This spring marked the family’s 142nd apple-growing season on its 240-acre property in the Anderson Valley, along the Mendocino Coast. The orchards reside in a microclimate ripe for growing many dozens of apple varieties, including its most popular apple, the Gravenstein, according to the family.

“When the Gowans first arrived in 1876, there already were some orchards on the property, including Gravenstein trees more than 150 years old,” said Sharon Gowan, cider maker and head of marketing, adding that the family has since developed three subvarieties of the Gravenstein apple.

They are best-known for the Gravenstein in addition to the fall pippin, Jonathan, golden delicious, red delicious and the Sierra beauty. The family also produces pears.

DEEP ROOTS

The family business dates back to 1876, when Daniel Studebaker purchased the property from another family. In 1880, Studebaker’s son, George, began selling the family’s fruits and vegetables. Then, in 1902, George Gowan and his family moved next door to the Studebakers, resulting in the joining of the two families when Studebaker’s daughter, Alice, married George Gowan’s son, M. Cecil.

By 1922, M. Cecil and Alice Gowan had taken over the orchards. In the 1940s, shortly after World War II, their youngest son, James, and his wife, Josephine, were on board. The couple had seven children, all of whom worked on the farm.

Since James Gowan’s death in 2011, Josephine, now 92, has remained involved in the business now helmed by her fifth child, Donald, and his wife, Sharon. Donald and Sharon met at California Polytechnic University, San Luis Obispo, when they were both studying agriculture. They have two children: Jacob, 27, and Mia, 24.

Today, Gowan’s Heirloom Ciders is among a handful of California’s 100-percent estate growers, meaning all fruit is grown, produced and bottled on-site, said Sharon Gowan, adding its hand-crafted premium ciders “literally goes from our trees to a bottle to you.”

Along with producing and marketing its ciders, the Gowan’s business also includes selling apples for juicing, pressing juice from its apples for cider makers, a limited distribution of fresh apples, and a cider club, Sharon Gowan said. She declined to state the company’s annual revenues.

In 2015, after becoming a licensed winery producer, the Gowans added hard ciders to their mix of products. Hard cider is legally a wine, Sharon Gowan explained.

GROWING MARKET

According to a report published earlier this year by Allied Market Research, the global cider market (including apples) was valued at $10.6 billion in 2016, and is projected to reach $16.2 billion by 2023. The apple-based ciders occupied more than half of the share in the global market in 2016, the report said.

“The growth of the global cider market is driven by high demand for gluten-free drinks and rise in preference for low-alcohol beverages,” according to the report. “The natural and fruit base of cider is further supporting the market expansion.”

AMR also noted the industry is challenged by the fact that cider has a high sugar content, a potential issue for consumers increasingly concerned about that issue.

That may be offset, however, by the rise in popularity of cider in the Asia-Pacific and the LAMEA regions (Latin America, Middle East and Africa), providing potential market opportunities for the forecast period, according to the report.

WHERE THE CROPS CAME FROM

“The cider market is maturing and consumers want to know where the apples are grown, too,” Don Gowan, the family’s 5th generation grower, said in a statement. “Consumers are moving toward authentic ciders made from locally sourced apples and they’re demanding the same transparency as they have come to expect in wine labels.
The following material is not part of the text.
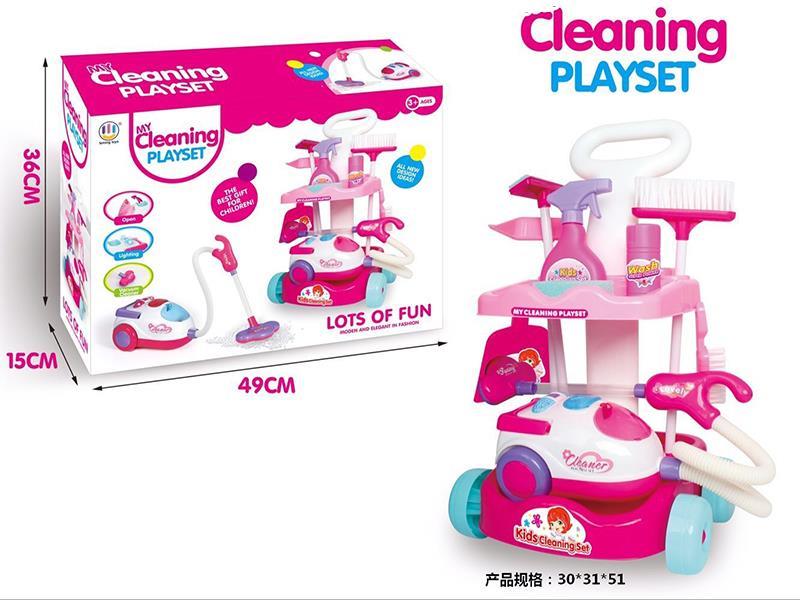 Clean cart + Vacuum Cleaner + Cleaning Tools(With Light)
If the label says ‘California,’ the apples absolutely should be grown here, just like you would expect in a California wine.”

And that brings up questions around industry regulations for marketing and selling apple-derived products, including ciders, juices and concentrate, Sharon Gowan said.

“People who want to produce cider in California can buy apples from (outside of the state) that were stored in a huge, controlled-atmosphere building that can keep the apples marketable for up to a year, until they need the space for the new crop,” Sharon Gowan said. “If you’re in California and you want to try to lead people to believe that you’re using local fruit, you’ll say, ‘We’re made from apples fresh-pressed in California,’ or just use concentrate and give yourself a local name.”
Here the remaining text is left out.